Tuesday, August 6, 2013

Book: The Giving Tree by Shel Silverstein

Several days ago I read for the first time The Giving Tree by Shel Silverstein.  It's a short children's book, but it raises serious issues.  

The story is about a boy and a tree.  As the boy grows up, the boy spends less time with the tree.  When the boy does come back to the tree, the boy asks for money.  When the boy is an adult, he asks for a house.  As an old man, he asks for a boat.  The tree sacrifices itself to give these things to the boy. 

Is this a story of unconditional love, like that of a mother for her child?  Is it a story of an unfair relationship where the boy takes advantage of the generous tree?  Is it a story of redemption when the boy returns to the tree as a very old man and the boy just wants to sit on the tree? 

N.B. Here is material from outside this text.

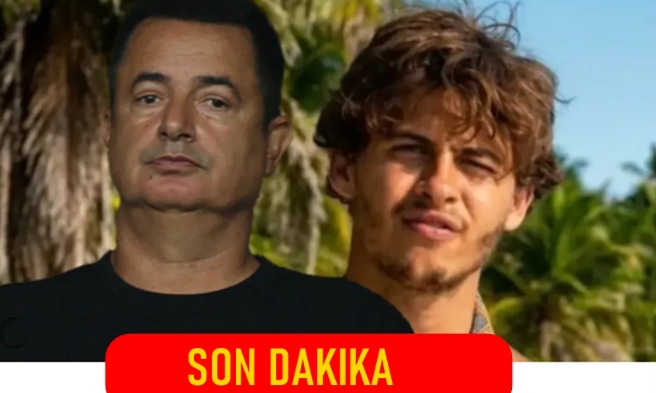 Survivor Yarışması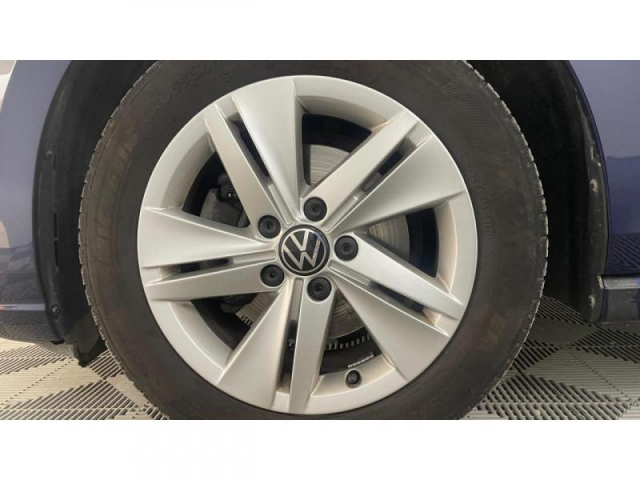 VOLKSWAGEN GOLF Life  2.0 TDI 150cv DSG7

My interpretation of the story is that helping another person can mean very difficult sacrifices on the helper's part. (Some might argue that assistance that doesn't involve real sacrifice isn't really assistance.)  I think one can justifiably say that the boy could be more self-sufficient and that the tree could say no to the boy's demands to encourage the boy to be more independent.  But what if the boy can't fend for himself? 

And if we choose to help such a person, a person who cannot fully take care of himself for whatever reason, then we'll have to make real and difficult sacrifices (of our time, resources, energy) to help.  And such charity and love are special things.